- [What you will do]
Keep to one stretch of the data below, the lines from the one with "SB 116 2022 LT. BLUE" up to and including the one with "HOMOLOGACAO Filtro Ar", and return that stretch exactly.

- [Information shown]
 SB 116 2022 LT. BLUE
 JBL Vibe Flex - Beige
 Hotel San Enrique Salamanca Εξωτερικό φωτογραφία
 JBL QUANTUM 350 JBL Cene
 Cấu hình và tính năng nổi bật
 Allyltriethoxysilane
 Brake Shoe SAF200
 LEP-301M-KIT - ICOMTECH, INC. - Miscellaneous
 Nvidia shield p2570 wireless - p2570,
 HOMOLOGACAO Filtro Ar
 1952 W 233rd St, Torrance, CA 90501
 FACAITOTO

==

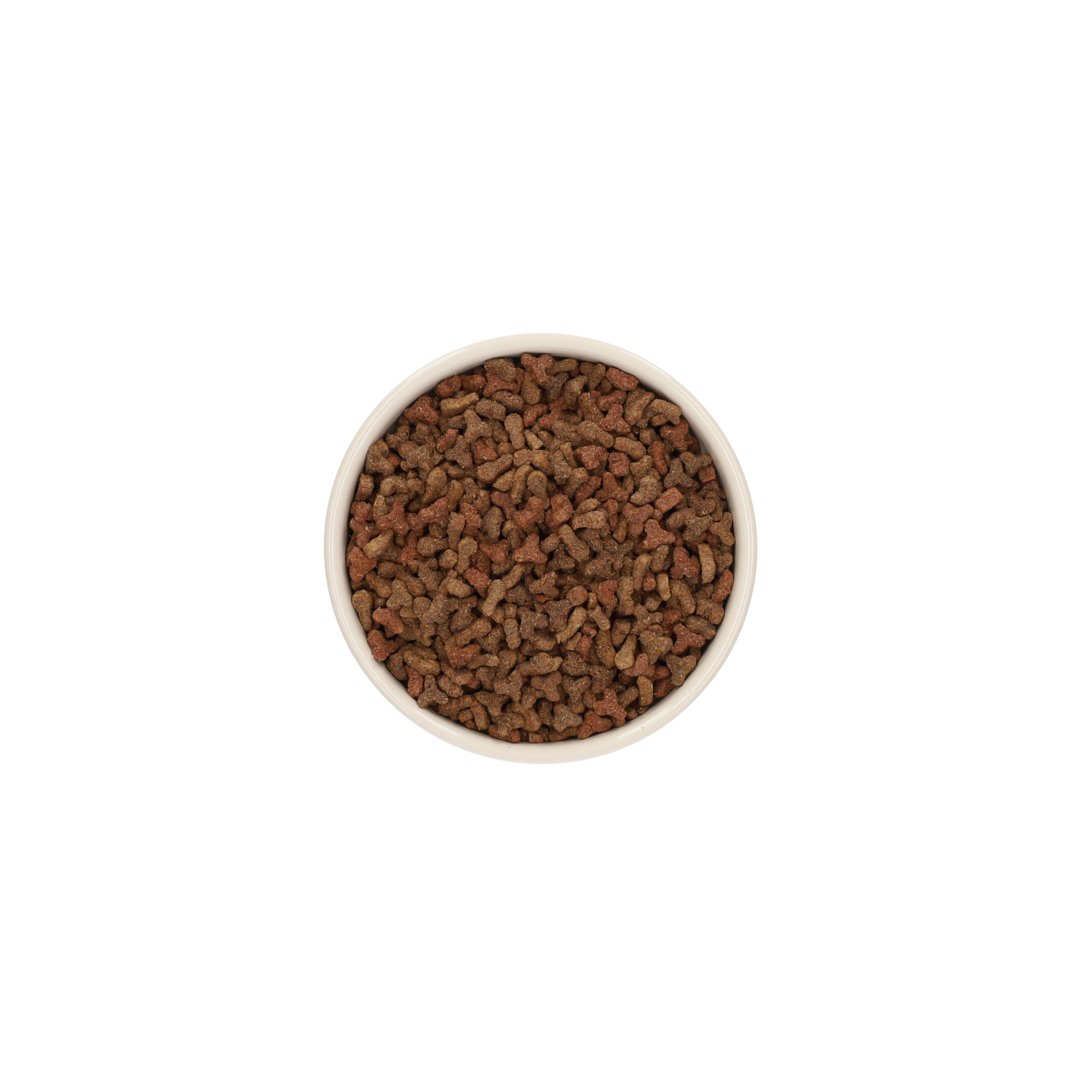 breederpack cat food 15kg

- [Answer box]
 SB 116 2022 LT. BLUE
 JBL Vibe Flex - Beige
 Hotel San Enrique Salamanca Εξωτερικό φωτογραφία
 JBL QUANTUM 350 JBL Cene
 Cấu hình và tính năng nổi bật
 Allyltriethoxysilane
 Brake Shoe SAF200
 LEP-301M-KIT - ICOMTECH, INC. - Miscellaneous
 Nvidia shield p2570 wireless - p2570,
 HOMOLOGACAO Filtro Ar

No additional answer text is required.